Client/server computing has gained popularity in the last few years. Earlier, it was expected that the powerful server computer (e.g. a mainframe) would do almost everything related to the application, and that the user's computer would be quite dumb in nature. No longer is it the case now. The users want to be able to use their computer also as a participant in the application execution in true sense.

8.6 DISTRIBUTED QUERY PROCESSING

A DDBMS has to take care of execution of queries that are distributed. In other words, one query has to refer to tables at multiple sites. This involves certain critical decisions, which we shall now discuss.

8.6.1 Costs

The most important cost in a DDBMS environment is related to data transmission. This it is quite logical as even, in a centralised (non-distributed) environment, there are many types of costs, such as the CPU time, memory requirements, hard disk space and so on. However, because the query is entered and executed on a single site, there is no question of data transmission costs.

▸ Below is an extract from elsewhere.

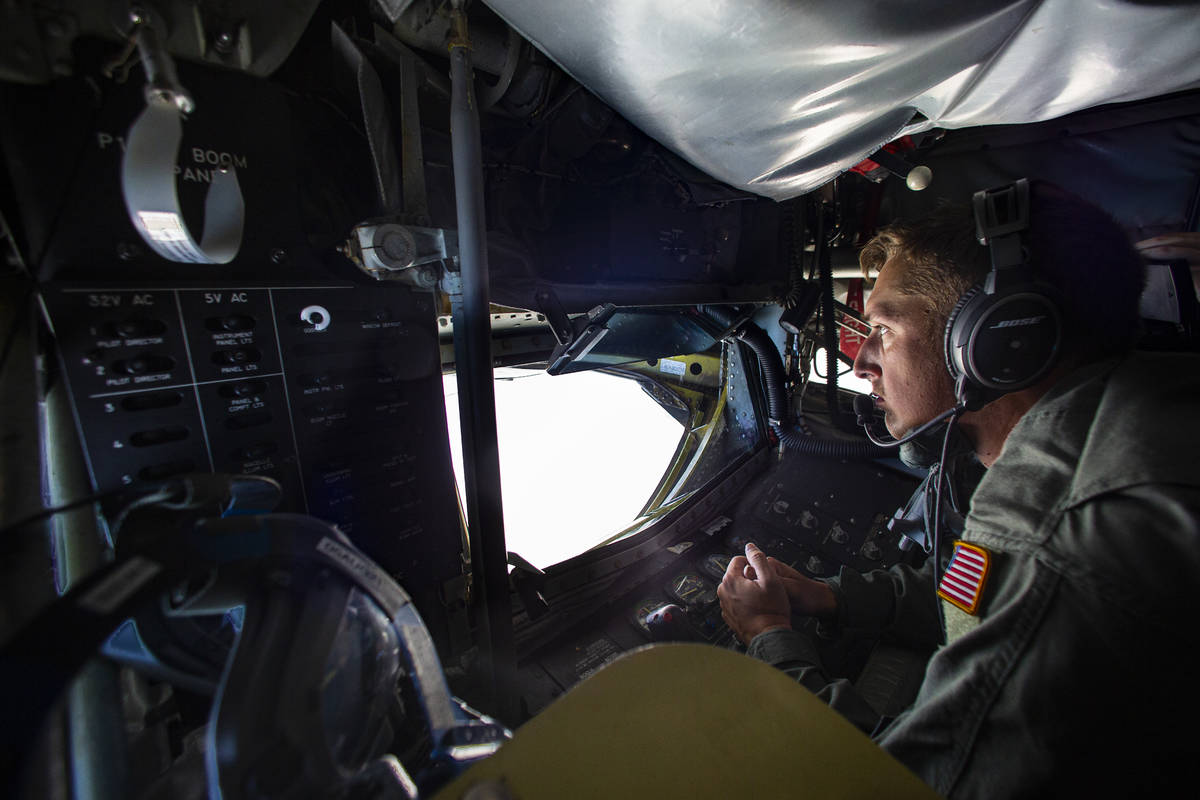 Airman first class Jonathon Covey prepares to refuel an F-16 in-flight from the boom pod of a K ...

This is not true in the case of distributed queries. Here, we incur all the costs that are associated with a centralised environment and, in addition, we also acquire data transmission costs. The idea is illustrated in Fig. 8.20.

Because the data is not available at a centralised location, we must first transmit it from one site to another. We may also need to transmit intermediate results. The strategy should always be to try and minimise these data transmission requirements.

Fig. 8.20 Centralised and DDBMS query processing requirements

Let us consider an example to illustrate this. Suppose we have just three sites numbered 1, 2 and 3. Of these sites, sites 1 and 2 contain one table each, as shown in Fig. 8.21.

Fig. 8.21 Data distribution example

A user at site 3 (called the result site) executes the following query:

SELECT Emp_Name, Salary, Department_Name

FROM Employee, Department

WHERE Employee.Department_Number = Department.Department_Number

Let us assume that every employee definitely has a department number assigned. Therefore, this query would produce 15,000 rows. Also, let us assume that the output of the query is 50 bytes. In other words, every output line contains 50 bytes.

In order to process this query, the DDBMS can follow one of the following approaches (conceptually shown in Fig. 8.22).

Fig. 8.22 Distributed query processing _ Possible approaches

Let us now discuss these approaches.

(a) Transfer the Employee and Department tables to site 3 and do a join. This will lead to the following steps:

(i) Transfer Employee table from site 1 to site 3. This means transfer of 200 × 15,000 bytes, or 30,00,000 bytes.

(ii) Transfer Department table from site 2 to site 3. This means transfer of 50 × 150 bytes, or 7,500 bytes.

(iii) At site 3, perform the join and show the result to the user.

Thus, the total data transmission requirement would be worth 30,07,500 (30,00,000 + 7,500) bytes.

(b) Transfer the Employee table to site 2 and do a join. Transfer the result of this operation to site 3. This will lead to the following steps.

(i) Transfer Employee table from site 1 to site 2. This means transfer of 200 × 15,000 bytes, or 30,00,000 bytes.

(ii) Perform the join operation at site 2 and send the results to site 3. This will cause 50 × 15,000, or 7,50,000 bytes of data to be transferred from site 2 to site 3.

(iii) At site 3, show the result to the user.

Thus, the total data transmission requirement would be worth 37,50,000 (30,00,000 + 7,50,000) bytes.

(c) Transfer the Department table to site 1 and do a join. Transfer the result of this operation to site 3. This will lead to the following steps:

(i) Transfer Department table from site 2 to site 1. This means transfer of 50 × 150 bytes, or 7,500 bytes.

(ii) Perform the join operation at site 1 and send the results to site 3. This will cause 50 × 15,000, or 7,50,000 bytes of data to be transferred from site 2 to site 3.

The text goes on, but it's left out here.